Back To University


I have started my second year here at UMass and to be honest I'm feeling pretty confident in myself. My roommate from last year who ended up being one of my best friends is studying abroad this semester so the friend train is pretty much non existent right now, but I'm working on it. I plan on being more involved with UPC (our university's programming council). There are a few kids from last year who are also doing it again so I'm hoping to becoming closer with them. I have a few friends from high school on campus but we all have super different schedules and some of them are in relationships which always makes life a little more hectic.



UMass has construction going on everywhere as usual, but this year it is getting in the way of my shortest routes to certain places. Also, going to the gym has been a major struggle because I feel like I constantly have reading or some sort of work to do that I feel like I can't put aside like 2 hours or the gym. I have a few of people that I am friendly with on my dorm floor but I don't go get meals with them or things like that.


This semester I'm taking History of Indigenous people, CommDis 211 (Anatomy), Human and Child Development, and a Sustainable Community class. I am glad I only stuck with four classes because the amount of readings and papers that I have is disgusting. But I'm trying to balance my time and not wait until the last minute to do things. Also, having a new roommate who I'm not super great friends with gives me more opportunities to escape the room for hours and not care about eating dinner alone afterwards. BUT that being said, I would do anything to have Jordi back.

I am very excited that I go to school in Massachusetts though because I have always been very close to my family and having the option of them coming to see me or going home on the weekends makes life a lot more enjoyable.
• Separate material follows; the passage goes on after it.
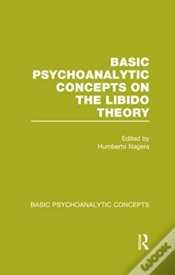 Capa do artigo Basic Psychoanalytic Concepts On The Libido Theory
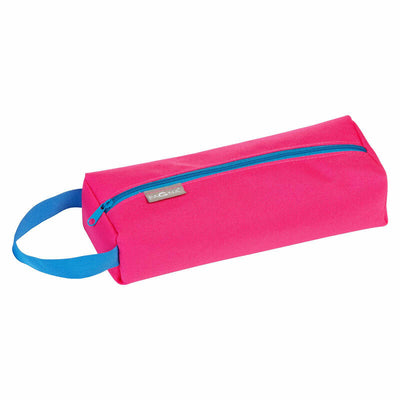 Pagna Case Recycled Pet 22X8X5CM Eckig Dun.rosa — image 1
I don't feel trapped at school or left out at home. My family means so much to me and being able to spend time together means so much to me. I'm going home this weekend and it happens to be my sisters homecoming and it's her senior year and I'm very happy to be able to be a part of that. Two weekends ago my sister came and visited me and we walked around campus and found where all of my classes would be as well as went into town and got Mexican and doughnuts afterwards. It was so much fun.
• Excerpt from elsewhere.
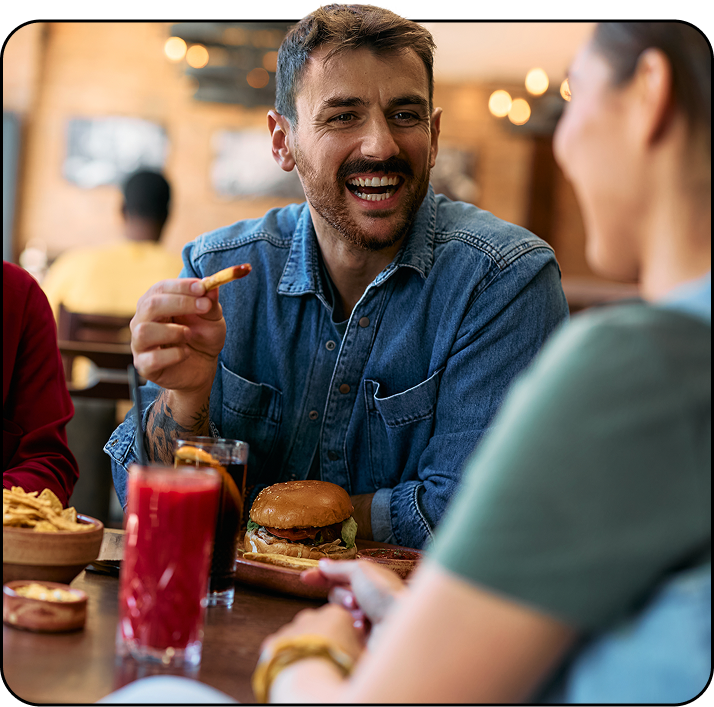 Text marketing for restaurants SMS program acquisition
I am living right next to the building I lived in last year and I love it, it is the smallest dorm on campus and the view is amazing. My dorm is on a big hill and when you look out the window or down the hill when you're walking you often see a beautiful sunset or magical blue skies.
Western Massachusetts really has so much to offer, the scenery is beautiful. I have been going to work with my friend Michaela after classes recently, I bring my homework and go on the tours that she gives and the museum is so beautiful and relaxing that it helps me feel less stressed.
Sometimes I think about whether I am in the right place or not, whether I would thrive being at a different school, or if I would like commuting to school more, whether the city would be a better place for me. But I think for me, I am comfortable where I am. I know where most things are, I know how most things work. I like that I can walk around campus and not need cross lights, and that we have an actual campus. I love that I live close to town so I can walk there if I need to, I love that the PVTA buses are free for us and that there's a Peter Pan pick-up and drop-off at campus. I don't have a lot of friends but I am comfortable and I think that's all that matters. I do wish school was cheaper but no matter what it will be more expensive than I want it to be.